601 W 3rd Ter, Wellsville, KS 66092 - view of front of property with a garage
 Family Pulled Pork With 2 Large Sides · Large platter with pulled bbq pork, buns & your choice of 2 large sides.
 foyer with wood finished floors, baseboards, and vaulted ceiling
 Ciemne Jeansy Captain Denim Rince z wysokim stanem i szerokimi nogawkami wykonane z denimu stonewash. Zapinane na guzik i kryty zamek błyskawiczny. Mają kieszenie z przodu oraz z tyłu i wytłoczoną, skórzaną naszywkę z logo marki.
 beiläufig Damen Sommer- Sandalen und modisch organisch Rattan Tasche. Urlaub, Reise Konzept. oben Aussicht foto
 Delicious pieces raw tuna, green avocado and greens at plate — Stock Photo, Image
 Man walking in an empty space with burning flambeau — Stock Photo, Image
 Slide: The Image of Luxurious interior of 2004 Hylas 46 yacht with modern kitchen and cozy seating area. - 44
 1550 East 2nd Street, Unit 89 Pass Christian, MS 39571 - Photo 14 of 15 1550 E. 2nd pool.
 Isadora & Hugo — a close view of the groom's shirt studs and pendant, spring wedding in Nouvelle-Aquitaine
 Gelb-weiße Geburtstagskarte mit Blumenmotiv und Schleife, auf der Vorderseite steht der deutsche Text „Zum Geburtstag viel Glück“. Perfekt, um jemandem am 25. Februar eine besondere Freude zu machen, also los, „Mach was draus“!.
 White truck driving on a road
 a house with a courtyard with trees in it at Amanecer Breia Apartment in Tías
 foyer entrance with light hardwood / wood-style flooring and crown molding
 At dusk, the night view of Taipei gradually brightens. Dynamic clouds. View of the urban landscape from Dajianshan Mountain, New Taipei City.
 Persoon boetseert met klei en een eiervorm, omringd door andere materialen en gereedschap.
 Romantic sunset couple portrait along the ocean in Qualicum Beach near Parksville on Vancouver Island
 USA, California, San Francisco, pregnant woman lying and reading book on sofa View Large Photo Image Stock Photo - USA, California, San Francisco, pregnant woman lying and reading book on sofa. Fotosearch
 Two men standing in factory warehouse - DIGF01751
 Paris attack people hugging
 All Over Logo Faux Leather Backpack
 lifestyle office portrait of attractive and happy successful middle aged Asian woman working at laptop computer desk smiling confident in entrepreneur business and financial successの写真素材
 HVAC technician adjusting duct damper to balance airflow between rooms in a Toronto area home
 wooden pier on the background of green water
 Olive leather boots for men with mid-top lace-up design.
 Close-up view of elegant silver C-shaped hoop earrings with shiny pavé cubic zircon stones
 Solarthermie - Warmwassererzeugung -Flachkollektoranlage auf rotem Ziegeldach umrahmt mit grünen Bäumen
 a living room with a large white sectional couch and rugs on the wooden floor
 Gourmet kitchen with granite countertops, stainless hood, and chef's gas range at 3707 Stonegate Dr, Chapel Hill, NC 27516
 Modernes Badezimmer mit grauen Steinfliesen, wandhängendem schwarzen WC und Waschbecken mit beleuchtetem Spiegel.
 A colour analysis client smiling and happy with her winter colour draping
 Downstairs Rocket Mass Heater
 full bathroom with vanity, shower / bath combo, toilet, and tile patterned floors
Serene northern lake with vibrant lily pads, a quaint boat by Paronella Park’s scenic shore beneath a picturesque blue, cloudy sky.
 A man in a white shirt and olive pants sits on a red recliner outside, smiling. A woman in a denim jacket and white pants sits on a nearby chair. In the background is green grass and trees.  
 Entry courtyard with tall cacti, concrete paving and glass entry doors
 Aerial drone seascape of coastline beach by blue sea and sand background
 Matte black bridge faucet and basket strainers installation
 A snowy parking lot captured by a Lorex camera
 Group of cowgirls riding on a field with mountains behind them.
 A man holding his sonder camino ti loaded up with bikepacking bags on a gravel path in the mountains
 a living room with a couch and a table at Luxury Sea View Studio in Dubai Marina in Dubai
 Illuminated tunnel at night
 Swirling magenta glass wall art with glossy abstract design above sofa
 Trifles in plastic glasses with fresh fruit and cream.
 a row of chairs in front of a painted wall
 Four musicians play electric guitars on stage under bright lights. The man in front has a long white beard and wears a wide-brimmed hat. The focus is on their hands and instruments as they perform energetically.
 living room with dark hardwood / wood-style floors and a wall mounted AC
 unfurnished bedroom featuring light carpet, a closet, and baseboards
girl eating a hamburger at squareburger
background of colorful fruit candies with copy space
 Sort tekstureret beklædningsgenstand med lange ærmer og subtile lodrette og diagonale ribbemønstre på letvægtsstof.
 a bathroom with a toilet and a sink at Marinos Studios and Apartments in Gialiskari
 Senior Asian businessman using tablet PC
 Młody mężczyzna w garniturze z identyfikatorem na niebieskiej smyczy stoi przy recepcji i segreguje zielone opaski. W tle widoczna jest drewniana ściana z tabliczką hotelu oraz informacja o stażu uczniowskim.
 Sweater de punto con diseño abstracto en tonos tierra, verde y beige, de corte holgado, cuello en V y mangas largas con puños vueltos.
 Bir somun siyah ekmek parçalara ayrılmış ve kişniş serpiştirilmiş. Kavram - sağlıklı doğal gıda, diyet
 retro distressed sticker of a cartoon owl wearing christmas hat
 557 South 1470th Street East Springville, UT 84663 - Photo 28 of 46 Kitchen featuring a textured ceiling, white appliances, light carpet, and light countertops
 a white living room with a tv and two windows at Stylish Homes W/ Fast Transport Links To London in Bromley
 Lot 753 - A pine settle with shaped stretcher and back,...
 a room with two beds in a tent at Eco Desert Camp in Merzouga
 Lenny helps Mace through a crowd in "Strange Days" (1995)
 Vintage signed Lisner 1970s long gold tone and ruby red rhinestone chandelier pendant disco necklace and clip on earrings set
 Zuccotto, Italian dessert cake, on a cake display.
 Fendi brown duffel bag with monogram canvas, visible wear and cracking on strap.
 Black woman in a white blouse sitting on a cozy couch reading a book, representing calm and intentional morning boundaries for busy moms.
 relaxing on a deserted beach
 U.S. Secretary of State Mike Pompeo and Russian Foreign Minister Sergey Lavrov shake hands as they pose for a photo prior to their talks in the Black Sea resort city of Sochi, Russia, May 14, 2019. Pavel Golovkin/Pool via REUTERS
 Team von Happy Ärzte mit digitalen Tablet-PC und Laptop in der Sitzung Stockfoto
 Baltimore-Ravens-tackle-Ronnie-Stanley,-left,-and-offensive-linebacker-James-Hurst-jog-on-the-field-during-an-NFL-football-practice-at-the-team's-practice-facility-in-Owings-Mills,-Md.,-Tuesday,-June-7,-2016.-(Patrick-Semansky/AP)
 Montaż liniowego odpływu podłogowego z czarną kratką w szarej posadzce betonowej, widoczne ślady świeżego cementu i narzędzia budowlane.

=====

* **Directions**: Every line above that carries the string "foyer" should be copied.

* **Task response**:
 foyer with wood finished floors, baseboards, and vaulted ceiling
 foyer entrance with light hardwood / wood-style flooring and crown molding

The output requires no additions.